#### [Your instructions]
From the records that follow, return exactly the lines beginning at the one that contains "Kussen Fotoprint Hollands Decor 30x50cm" and ending at the one that contains "Public park landscape", pictures left out.

Image-text web data:
BEGIN

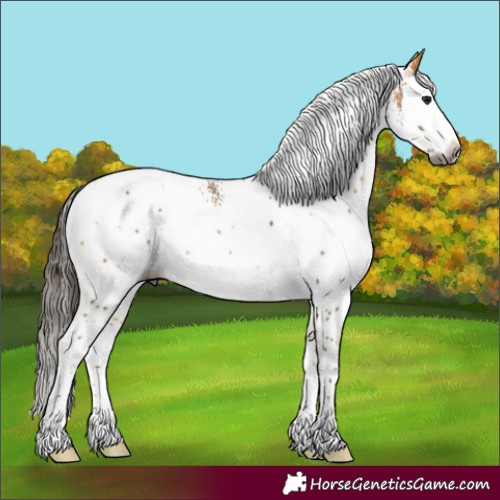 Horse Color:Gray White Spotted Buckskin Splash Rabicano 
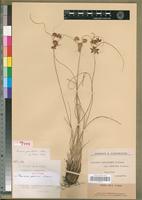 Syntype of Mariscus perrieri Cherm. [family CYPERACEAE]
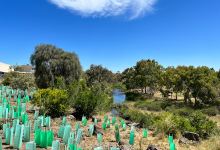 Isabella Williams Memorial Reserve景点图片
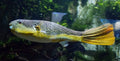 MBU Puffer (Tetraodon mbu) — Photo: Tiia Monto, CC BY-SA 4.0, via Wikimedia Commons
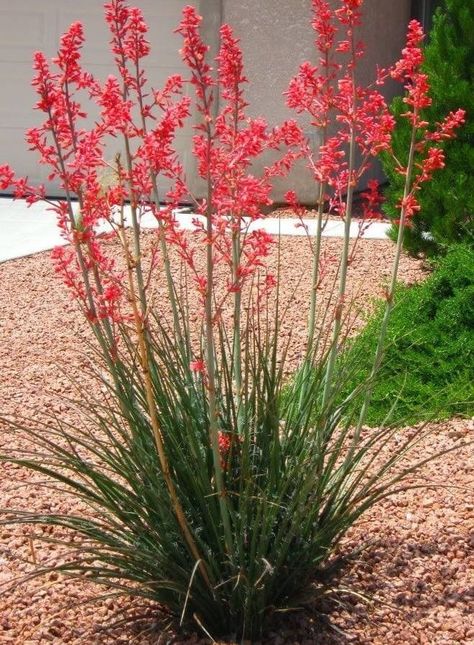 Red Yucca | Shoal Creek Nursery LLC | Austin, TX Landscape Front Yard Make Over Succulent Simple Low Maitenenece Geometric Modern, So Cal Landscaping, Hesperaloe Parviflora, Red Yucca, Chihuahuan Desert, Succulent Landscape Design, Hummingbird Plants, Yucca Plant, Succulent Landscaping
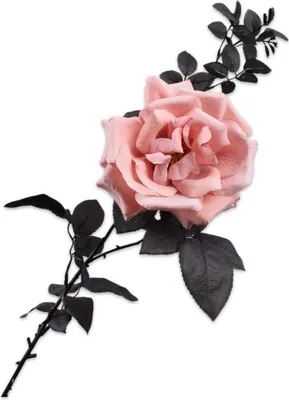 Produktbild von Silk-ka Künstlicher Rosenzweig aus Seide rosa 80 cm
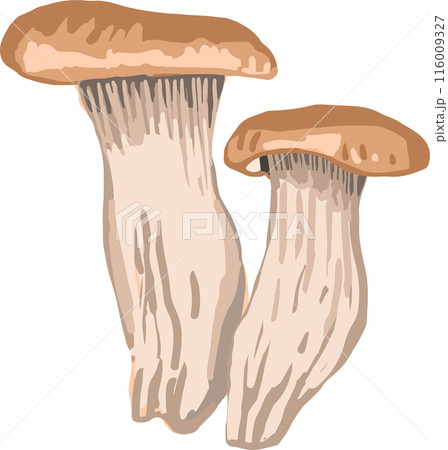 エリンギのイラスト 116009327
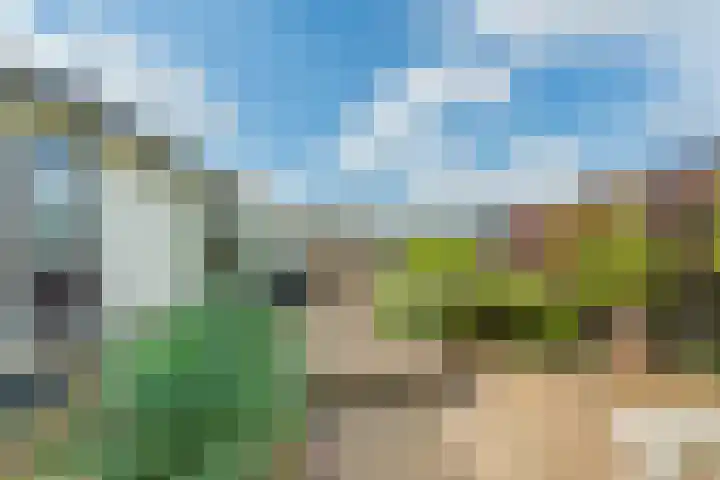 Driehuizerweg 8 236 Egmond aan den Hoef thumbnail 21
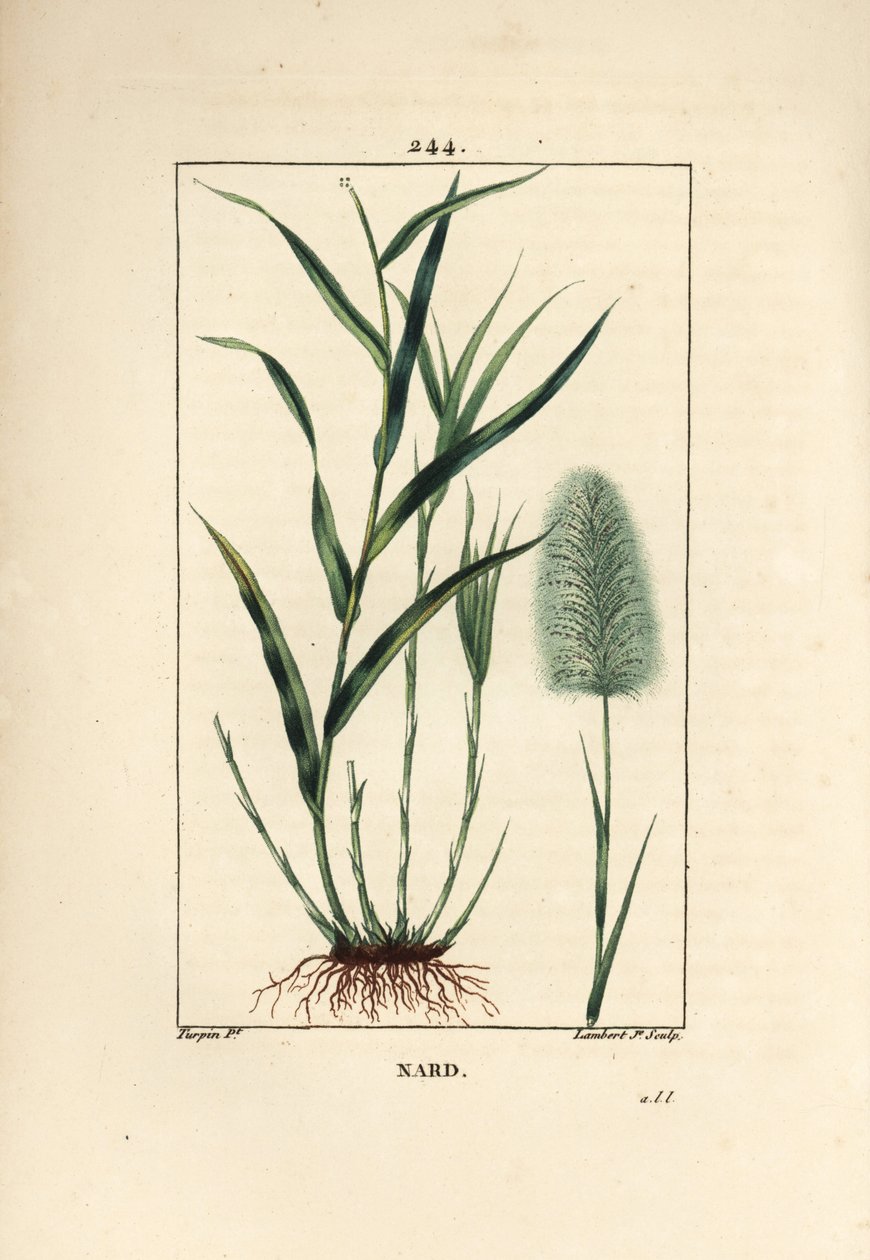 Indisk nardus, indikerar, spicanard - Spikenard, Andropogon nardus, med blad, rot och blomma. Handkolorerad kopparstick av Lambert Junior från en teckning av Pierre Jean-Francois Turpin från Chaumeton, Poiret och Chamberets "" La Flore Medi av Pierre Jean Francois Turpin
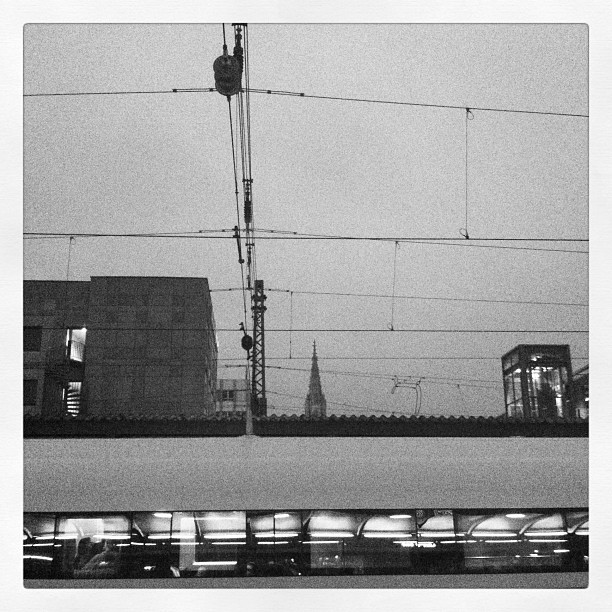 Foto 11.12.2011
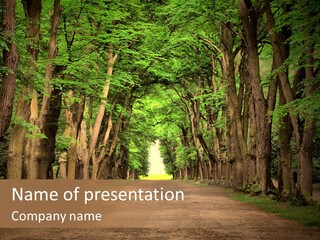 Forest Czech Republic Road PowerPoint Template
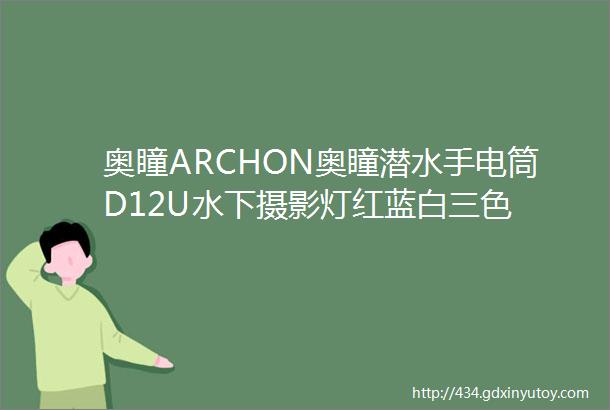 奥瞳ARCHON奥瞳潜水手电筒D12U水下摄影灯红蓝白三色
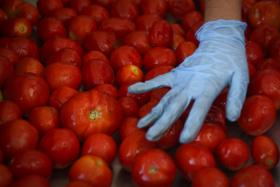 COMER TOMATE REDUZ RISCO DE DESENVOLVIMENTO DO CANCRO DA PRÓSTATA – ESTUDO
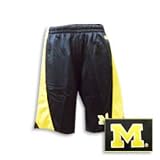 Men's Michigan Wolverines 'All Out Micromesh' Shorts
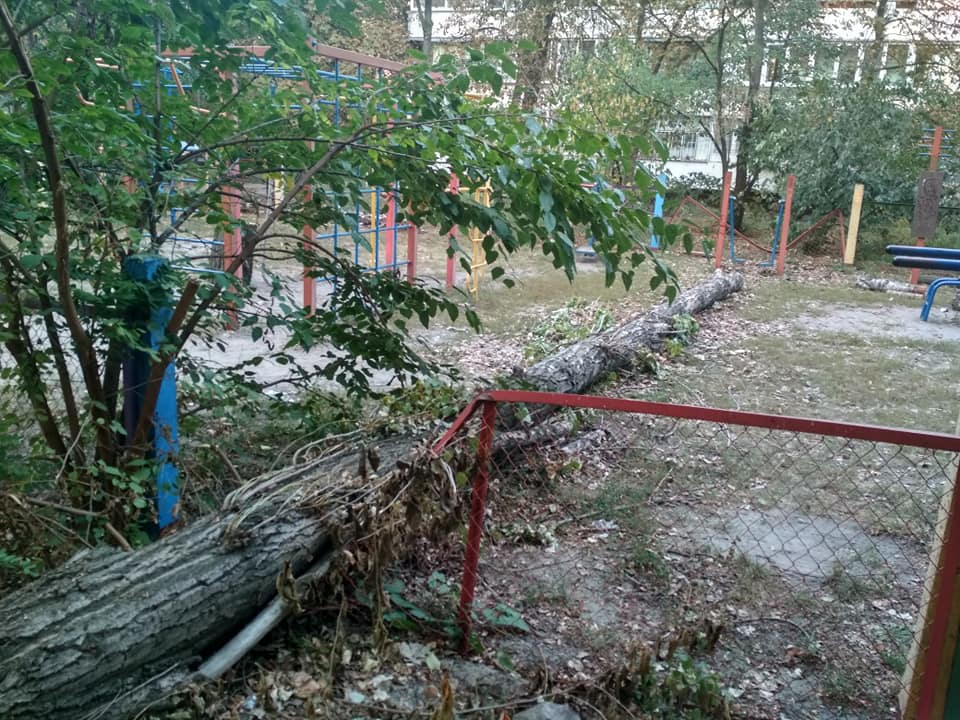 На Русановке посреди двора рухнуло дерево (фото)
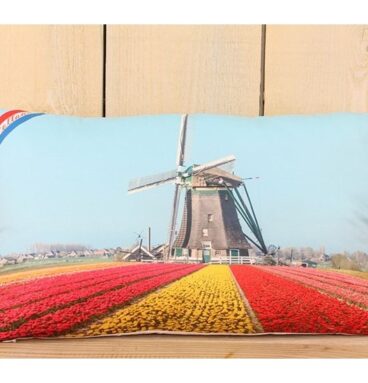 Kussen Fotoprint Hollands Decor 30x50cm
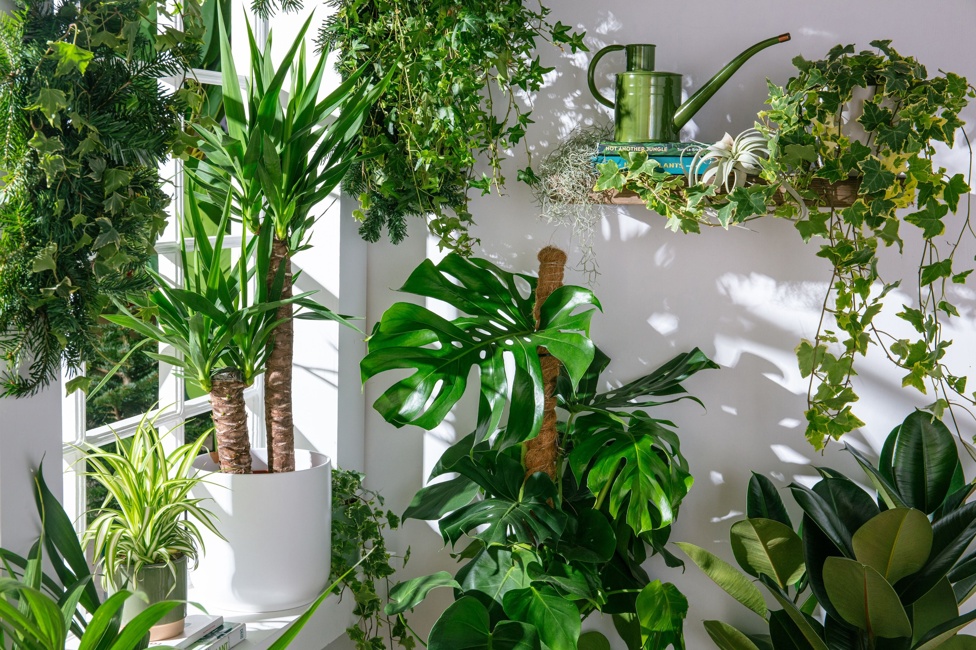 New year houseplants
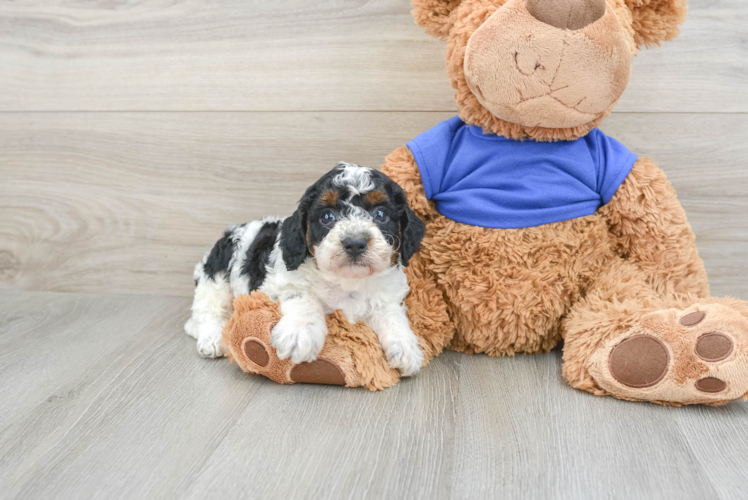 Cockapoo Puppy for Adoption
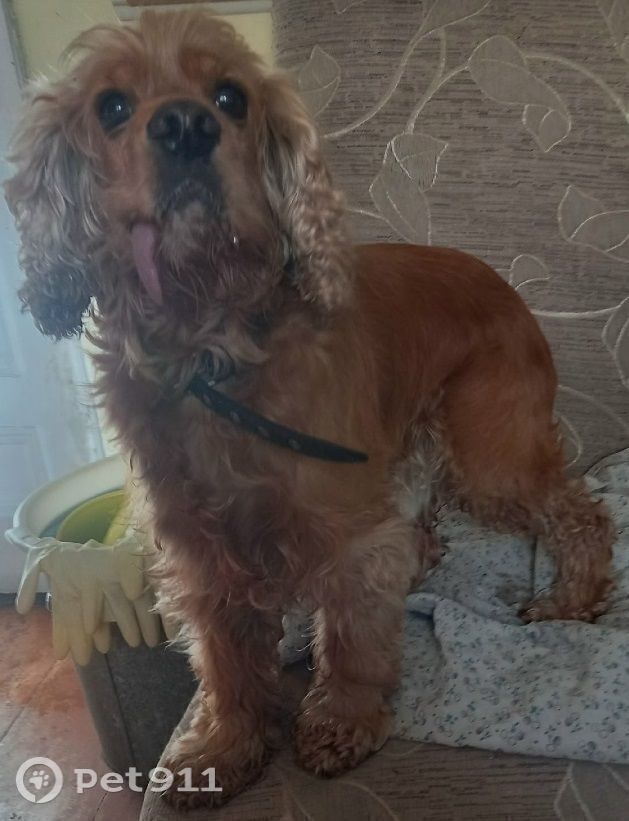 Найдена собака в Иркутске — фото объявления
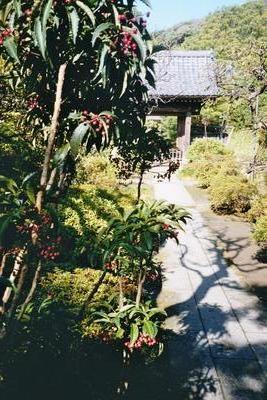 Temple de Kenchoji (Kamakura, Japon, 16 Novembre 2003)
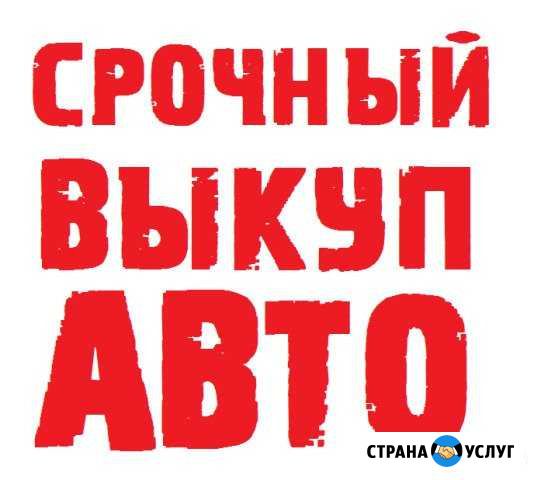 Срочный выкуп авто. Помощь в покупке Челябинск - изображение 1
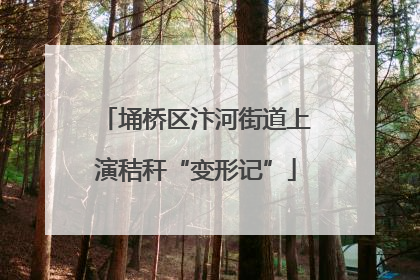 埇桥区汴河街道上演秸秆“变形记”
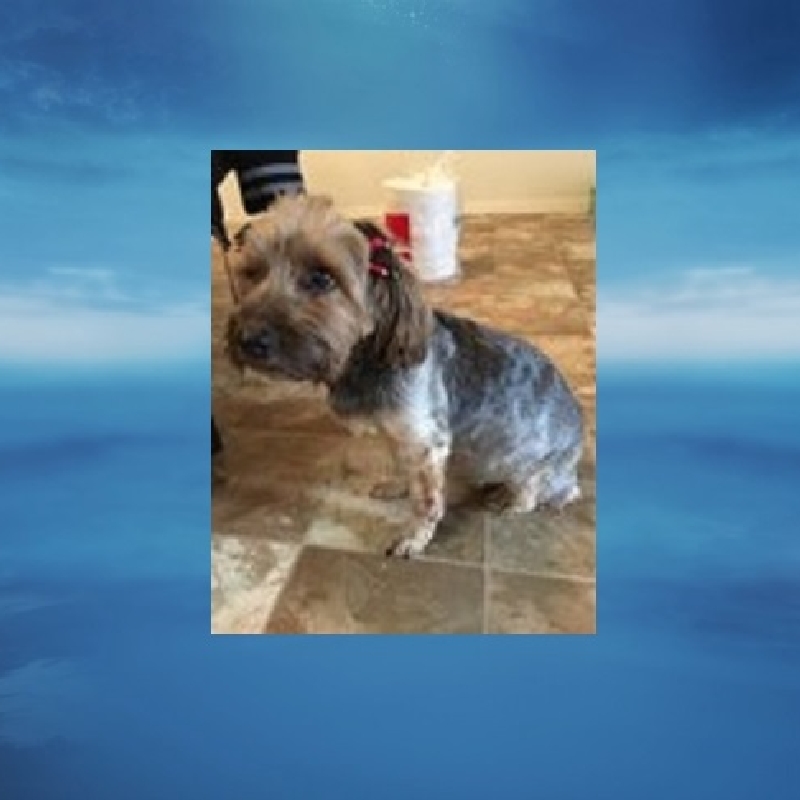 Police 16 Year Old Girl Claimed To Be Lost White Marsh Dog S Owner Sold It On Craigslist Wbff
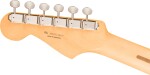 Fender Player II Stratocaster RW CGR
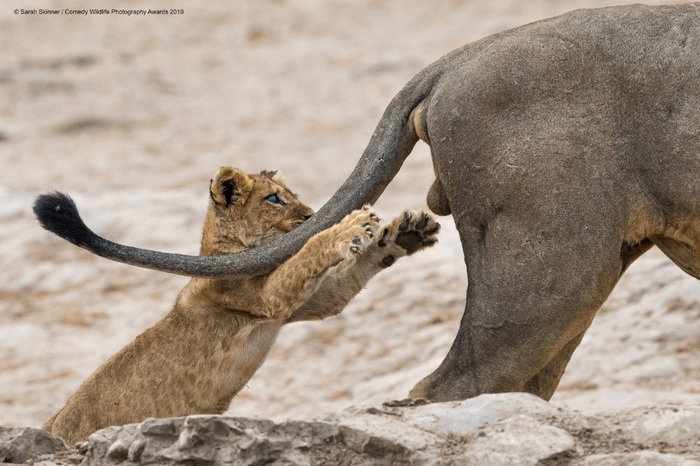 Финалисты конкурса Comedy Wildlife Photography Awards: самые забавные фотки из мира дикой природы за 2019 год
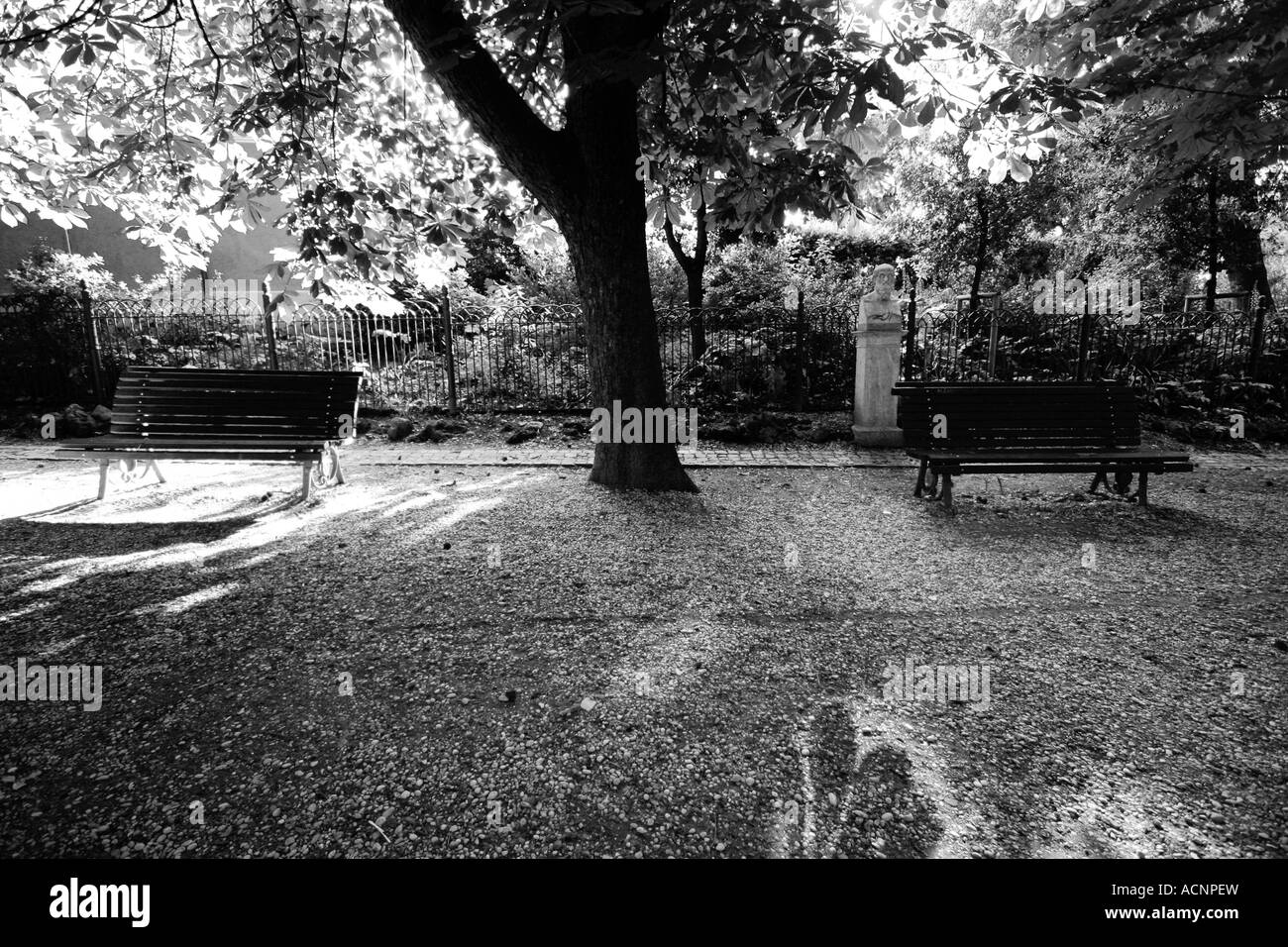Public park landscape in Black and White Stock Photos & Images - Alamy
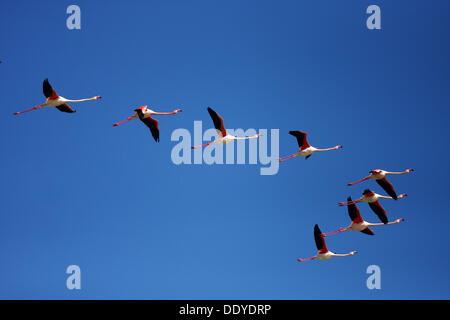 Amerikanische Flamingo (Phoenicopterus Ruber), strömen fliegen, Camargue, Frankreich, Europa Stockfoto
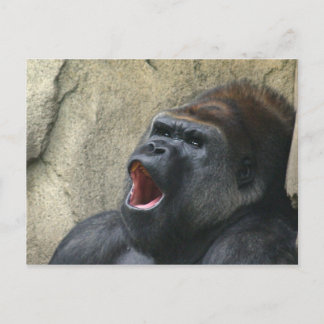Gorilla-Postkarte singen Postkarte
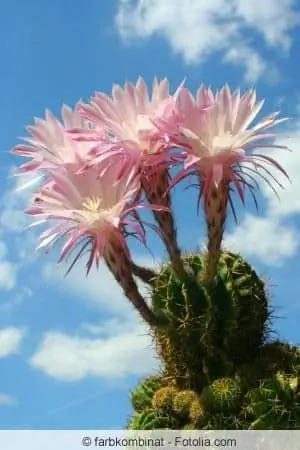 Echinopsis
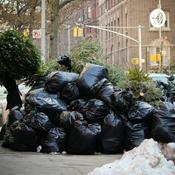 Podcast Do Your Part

END

#### [Exercise output]
 Kussen Fotoprint Hollands Decor 30x50cm
 New year houseplants
 Cockapoo Puppy for Adoption
 Найдена собака в Иркутске — фото объявления
 Temple de Kenchoji (Kamakura, Japon, 16 Novembre 2003)
 Срочный выкуп авто. Помощь в покупке Челябинск - изображение 1
 埇桥区汴河街道上演秸秆“变形记”
 Police 16 Year Old Girl Claimed To Be Lost White Marsh Dog S Owner Sold It On Craigslist Wbff
 Fender Player II Stratocaster RW CGR
 Финалисты конкурса Comedy Wildlife Photography Awards: самые забавные фотки из мира дикой природы за 2019 год
Public park landscape in Black and White Stock Photos & Images - Alamy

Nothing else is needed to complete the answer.